• ASSIGNMENT:
In the material below, print every line exactly and omit the pictures.

• SOURCE MATERIAL:
______________________________

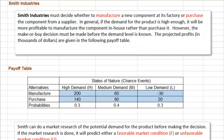In this video, we will practice making a decision using a decision tree. This example includes the option to gather information before making a decision.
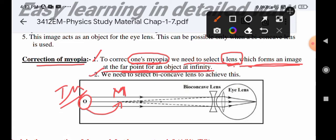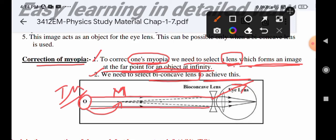We need to select a bi-concave lens to achieve this correction. With this bi-concave lens, divergent rays are formed and extensions are formed such that the image falls at the far point. This image then acts as an object for the eye lens, allowing the eye to see clearly. Far point is within the least distance of distinct vision range.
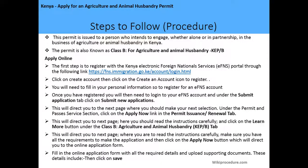A copy of your PIN certificate is also required. The steps to follow in making the application are as follows: this permit is issued to persons who intend to engage, whether alone or in partnership, in the business of agriculture or animal husbandry in Kenya, and is known as a Class B for Agriculture and Animal Husbandry — Kenya Employment Permit Class B. This application can only be done online, and the first step is to register with the Kenya Electronic Foreign National Services Portal.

______________________________

• OUTPUT OF THE TASK:
In this video, we will practice making a decision using a decision tree. This example includes the option to gather information before making a decision.
We need to select a bi-concave lens to achieve this correction. With this bi-concave lens, divergent rays are formed and extensions are formed such that the image falls at the far point. This image then acts as an object for the eye lens, allowing the eye to see clearly. Far point is within the least distance of distinct vision range.
A copy of your PIN certificate is also required. The steps to follow in making the application are as follows: this permit is issued to persons who intend to engage, whether alone or in partnership, in the business of agriculture or animal husbandry in Kenya, and is known as a Class B for Agriculture and Animal Husbandry — Kenya Employment Permit Class B. This application can only be done online, and the first step is to register with the Kenya Electronic Foreign National Services Portal.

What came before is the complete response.